Ломоносов понимал, что ему нужно добиться более независимого положения, и он начал хлопотать о присвоении ему профессорского звания, чтобы занять кафедру химии. Эта кафедра фактически продолжала пустовать. Возвратившийся из Сибири Гмелин занимался только приведением в порядок собранных материалов и коллекций.
Естественным наукам, в особенности физике и химии, в то время уделялось мало внимания. На каждом шагу сказывалось долголетнее стремление Шумахера приноровить всю деятельность Академии к придворным интересам.
Но Ломоносов никак не хотел мириться с таким положением дел в Академии наук и боролся за освобождение науки от феодальных пережитков. Шумахер хотел видеть вокруг себя изящную, галантную, напудренную науку, он знал толк в библиофильских делах, ценил гравюры и редкие переплеты, а Ломоносов видел науку в чаду лабораторий, стуке молотка и грохоте промываемых руд. Это была наука с засученными рукавами, с пальцами, обожженными едкими щелочами и кислотами.
Они неизбежно должны были стать врагами.
Шумахер не мог ужиться даже с академиками-иностранцами, которые двигали вперед новую науку. В стенах Академии Шумахер был представителем придворно-бюрократической верхушки, не только проводящим ее политику, но и отражающим ее идеологию, поэтому он и продержался в Академии всю жизнь. Его личные свойства были отражением общественных качеств, нужных дворянской реакции.
Шумахер не спешил с производством строптивого адъюнкта в профессора. Он прочил на кафедру химии Авраама Бургаве, племянника известного голландского медика Германа Бургаве. Чувствуя, что кафедра может ускользнуть, Ломоносов в апреле 1745 года подает в академическую канцелярию челобитную, в которой ссылается на обещание, данное ему, когда он еще готовился к научным занятиям за границей, и жалуется, что он все-таки в профессора не произведен.
17 июня того же года «по выходе господина адъюнкта Ломоносова из Конференции» было «общим согласием определено», что поданные им «специмены достойны профессорского звания». Иоганн Гмелин объявил, что уступает кафедру химии Ломоносову, так как всецело занят натуральной историей.

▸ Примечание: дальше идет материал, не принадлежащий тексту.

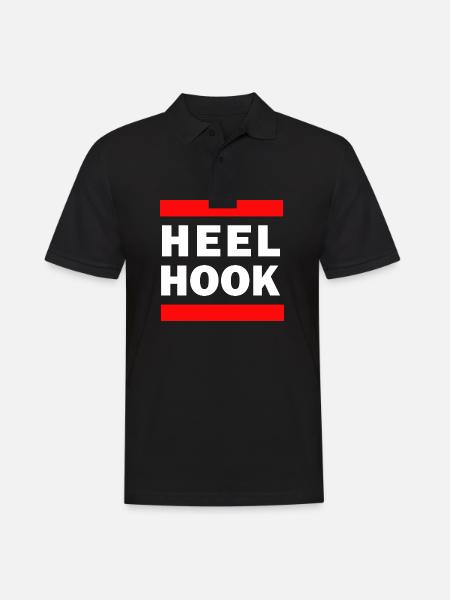 Brésilien Jiu-Jitsu Heel Hook BJJ - Polo Homme - noir
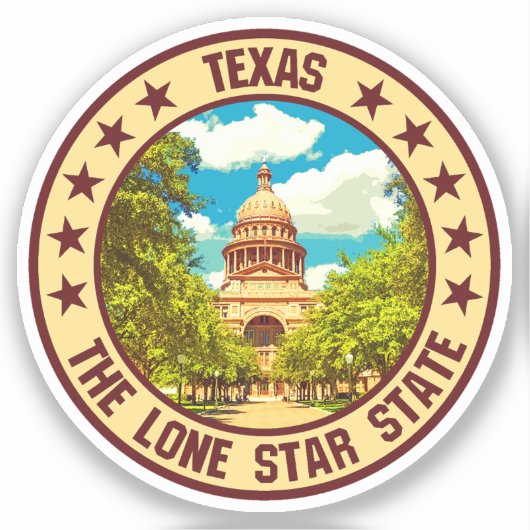 Texas Sticker (Voorkant)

Почти одновременно Ломоносов предпринимает решительные шаги к тому, чтобы продвинуть в печать подготовленный им в течение 1744 года перевод «Волфианской експериментальной физики», составленной учеником Христиана Вольфа Людвигом Тюммигом. «Сия книжица почти только для того сочинена и ныне переведена на российский язык, чтобы по ней показывать и толковать физические опыты», — объясняет Ломоносов в предисловии.

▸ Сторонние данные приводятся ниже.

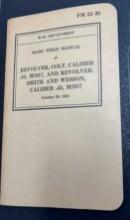 1941 WWII .45 REVOLVER M1917 BASIC FIELD MANUAL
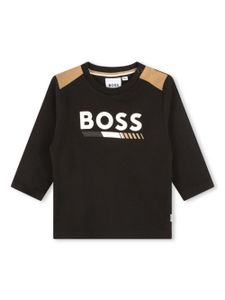 BOSS Kidswear t-shirt à logo imprimé - Noir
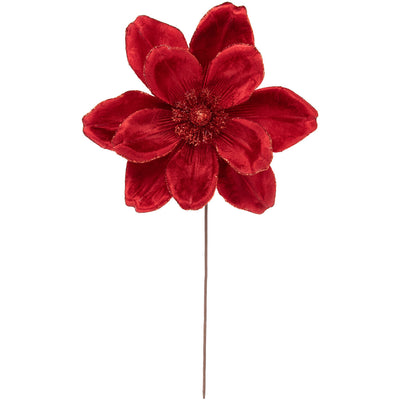 FLOR RED VELVET MAGNOLIA DECORATIVA 23"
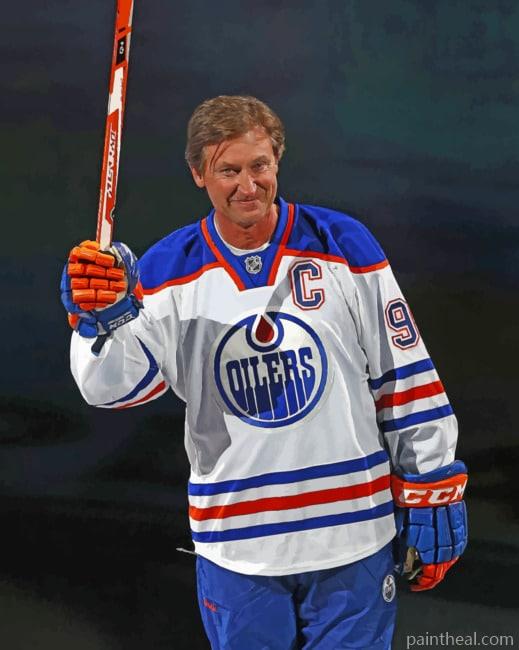Wayne Gretzky Painting By Numbers Kits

Нужда в такой книге была несомненной. В России в то время не было ни одного учебника по экспериментальной физике, и Ломоносов, которому приходилось вести занятия со студентами, хорошо сознавал всю необходимость такого руководства.
Ломоносов жил в период замечательного подъема естественных и точных наук, начавшегося со времен Возрождения. В предисловии к своему переводу он радостно говорит о растущем могуществе человеческого разума, о неисчислимых открытиях, изобретениях и наблюдениях нового века, оставивших за собой науку и философию древних: «Едва понятно, коль великое приращение в Астрономии неусыпными наблюдениями и глубокомысленными рассуждениями Кеплер, Галилей, Гугений, де ла Гир и великий Невтон в краткое время учинили: ибо толь далече познание небесных тел открыли, что ежели бы ныне Иппарх и Птоломей читали их книги, то бы они тое же небо в них едва узнали, на которое в жизнь свою толь часто сматривали. Пифагор за изобретение одного геометрического правила Зевесу принес на жертву сто волов. Но ежели бы за найденные в нынешние времена от остроумных Математиков правила по суеверной его ревности поступать, то бы едва в целом свете столько рогатого скота сыскалось. Словом, в новейшие времена науки столько возросли, что не токмо за тысячу, но и за сто лет жившие едва могли на то надеяться». Ломоносов стремится как можно скорее приобщить к этой науке своих соотечественников, обеспечить и облегчить подготовку русских людей к дальнейшим занятиям в области точных наук. По видимому, не рассчитывая, что его почин в издании учебников на русском языке будет встречен благожелательно академической канцелярией, Ломоносов поднес и посвятил свой перевод графу М. И. Воронцову в надежде, что его поддержка поможет делу. Так и случилось.
4 июня 1745 года М. И. Воронцов направил рукопись в Сенат, по решению которого она была переслана в Академию наук «для свидетельства, во всем ли она исправна и нет ли каких погрешностей».
В сентябре 1745 года, когда Ломоносов был уже профессором, И. Г. Гмелин представил отзыв о «Волфианской физике», в котором признавал, что перевод Ломоносова не только весьма удачен «и силу сочинителя весьма хорошо изъяснил», но даже более понятен, чем оригинал. В 1746 году книга была напечатана.